### Brief descriptive captions:
· · · · ·
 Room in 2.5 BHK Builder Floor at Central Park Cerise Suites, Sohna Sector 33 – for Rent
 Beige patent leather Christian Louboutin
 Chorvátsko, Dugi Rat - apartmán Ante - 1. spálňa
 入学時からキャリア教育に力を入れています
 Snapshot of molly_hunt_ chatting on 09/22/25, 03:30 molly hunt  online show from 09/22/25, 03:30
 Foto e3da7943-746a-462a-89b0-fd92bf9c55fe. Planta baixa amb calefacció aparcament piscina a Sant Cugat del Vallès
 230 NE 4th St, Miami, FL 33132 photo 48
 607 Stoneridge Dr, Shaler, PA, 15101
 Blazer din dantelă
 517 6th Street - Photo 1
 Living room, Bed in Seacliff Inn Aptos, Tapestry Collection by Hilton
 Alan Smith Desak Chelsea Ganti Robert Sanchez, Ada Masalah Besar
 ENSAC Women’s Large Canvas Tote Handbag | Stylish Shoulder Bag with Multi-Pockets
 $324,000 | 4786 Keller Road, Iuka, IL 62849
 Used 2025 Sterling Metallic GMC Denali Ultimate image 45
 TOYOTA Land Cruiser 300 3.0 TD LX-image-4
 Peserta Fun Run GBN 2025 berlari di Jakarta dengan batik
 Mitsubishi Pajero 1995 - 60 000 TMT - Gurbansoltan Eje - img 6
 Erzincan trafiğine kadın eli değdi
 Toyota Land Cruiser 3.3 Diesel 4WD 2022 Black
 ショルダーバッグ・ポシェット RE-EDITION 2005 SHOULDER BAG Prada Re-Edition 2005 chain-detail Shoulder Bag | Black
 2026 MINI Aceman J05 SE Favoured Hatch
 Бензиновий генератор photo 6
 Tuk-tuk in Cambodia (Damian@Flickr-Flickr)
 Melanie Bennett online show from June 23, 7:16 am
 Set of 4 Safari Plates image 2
· · · · ·
All lines in the preceding records that hold the word "Land" need to be copied.

 TOYOTA Land Cruiser 300 3.0 TD LX-image-4
 Toyota Land Cruiser 3.3 Diesel 4WD 2022 Black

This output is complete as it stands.